Rarely in its history has the NAACP had a greater opportunity to exert a major influence than it has this week as the organization considers, at its Houston convention, whether to endorse the nomination of Clarence Thomas for the Supreme Court.
If the NAACP endorses Thomas, few senators are likely to vote against one who was nominated by a conservative president and approved by the nation's preeminent civil rights organization. But if the NAACP should add its voice to those opposing Thomas, Senate approval would be anything but certain.
It is understandable, for emotional as well as practical reasons, that the NAACP delegates would look with favor upon Thomas. He is, after all, a black man who would succeed a black man in an office of great power and prestige. On the practical side, it is a foregone conclusion that if the Thomas nomination is rejected, the alternative nominee would be someone who is just as conservative and yet does not share the experience of having grown up in segregated poverty -- an experience which, no doubt, will always function as a still, small voice as long as Thomas draws breath.

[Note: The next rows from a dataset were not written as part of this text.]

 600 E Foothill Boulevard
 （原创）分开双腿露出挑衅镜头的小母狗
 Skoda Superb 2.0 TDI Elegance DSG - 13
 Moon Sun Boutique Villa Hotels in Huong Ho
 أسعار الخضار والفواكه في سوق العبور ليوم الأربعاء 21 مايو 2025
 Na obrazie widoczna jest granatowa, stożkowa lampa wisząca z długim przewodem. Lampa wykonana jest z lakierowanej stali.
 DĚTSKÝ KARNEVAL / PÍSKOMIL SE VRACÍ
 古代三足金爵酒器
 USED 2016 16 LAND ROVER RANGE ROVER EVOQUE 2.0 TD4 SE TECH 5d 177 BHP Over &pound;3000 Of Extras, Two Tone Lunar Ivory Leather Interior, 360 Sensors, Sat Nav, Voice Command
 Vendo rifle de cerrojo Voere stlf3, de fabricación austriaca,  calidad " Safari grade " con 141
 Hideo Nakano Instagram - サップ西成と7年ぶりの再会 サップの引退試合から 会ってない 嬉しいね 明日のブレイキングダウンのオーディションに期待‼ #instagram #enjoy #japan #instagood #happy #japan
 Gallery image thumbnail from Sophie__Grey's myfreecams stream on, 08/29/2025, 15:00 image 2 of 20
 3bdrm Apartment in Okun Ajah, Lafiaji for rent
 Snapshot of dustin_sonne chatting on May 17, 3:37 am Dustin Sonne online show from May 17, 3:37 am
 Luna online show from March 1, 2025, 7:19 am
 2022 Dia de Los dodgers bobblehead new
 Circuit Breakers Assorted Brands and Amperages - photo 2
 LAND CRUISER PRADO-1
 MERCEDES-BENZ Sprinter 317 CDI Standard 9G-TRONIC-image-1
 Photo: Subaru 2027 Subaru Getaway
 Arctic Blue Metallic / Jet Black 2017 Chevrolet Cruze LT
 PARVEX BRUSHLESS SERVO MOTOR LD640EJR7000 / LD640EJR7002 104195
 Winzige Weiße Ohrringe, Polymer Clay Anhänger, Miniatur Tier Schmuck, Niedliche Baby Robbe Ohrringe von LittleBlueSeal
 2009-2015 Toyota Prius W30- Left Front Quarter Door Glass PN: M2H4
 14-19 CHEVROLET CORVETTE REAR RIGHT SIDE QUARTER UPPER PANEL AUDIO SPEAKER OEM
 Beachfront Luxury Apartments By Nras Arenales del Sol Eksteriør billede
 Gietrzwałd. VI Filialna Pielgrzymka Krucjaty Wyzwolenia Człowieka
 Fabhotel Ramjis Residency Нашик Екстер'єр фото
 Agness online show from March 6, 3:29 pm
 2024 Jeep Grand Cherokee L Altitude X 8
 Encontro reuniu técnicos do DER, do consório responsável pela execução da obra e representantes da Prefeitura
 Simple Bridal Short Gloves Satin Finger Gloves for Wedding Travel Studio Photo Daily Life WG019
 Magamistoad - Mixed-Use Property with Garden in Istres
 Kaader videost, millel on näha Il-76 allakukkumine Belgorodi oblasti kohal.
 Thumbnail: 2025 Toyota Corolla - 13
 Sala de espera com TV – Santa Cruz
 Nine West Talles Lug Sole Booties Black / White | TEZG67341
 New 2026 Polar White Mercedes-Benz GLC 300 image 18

On the intellectual side, it will be difficult for the NAACP to lend its weight to the Thomas nomination. After all, if he were a white man with his record of decisions and statements, it is all but certain that the NAACP would reject him.
So it is a tough call. No doubt the delegates and leadership of the NAACP have been tempted to pull the kind of fence-straddle that Lee Atwater, the late Republican chairman, executed when it became clear that public opinion was flowing markedly against the party's hard-line position against abortion rights. Atwater, in effect embracing the pro-choice position, declared abortion to be a matter of conscience on which Republicans were free to take their own positions.
For the moment the NAACP has shelved action on the Thomas nomination; but ultimately it will not be able to avoid taking a position on this major public issue.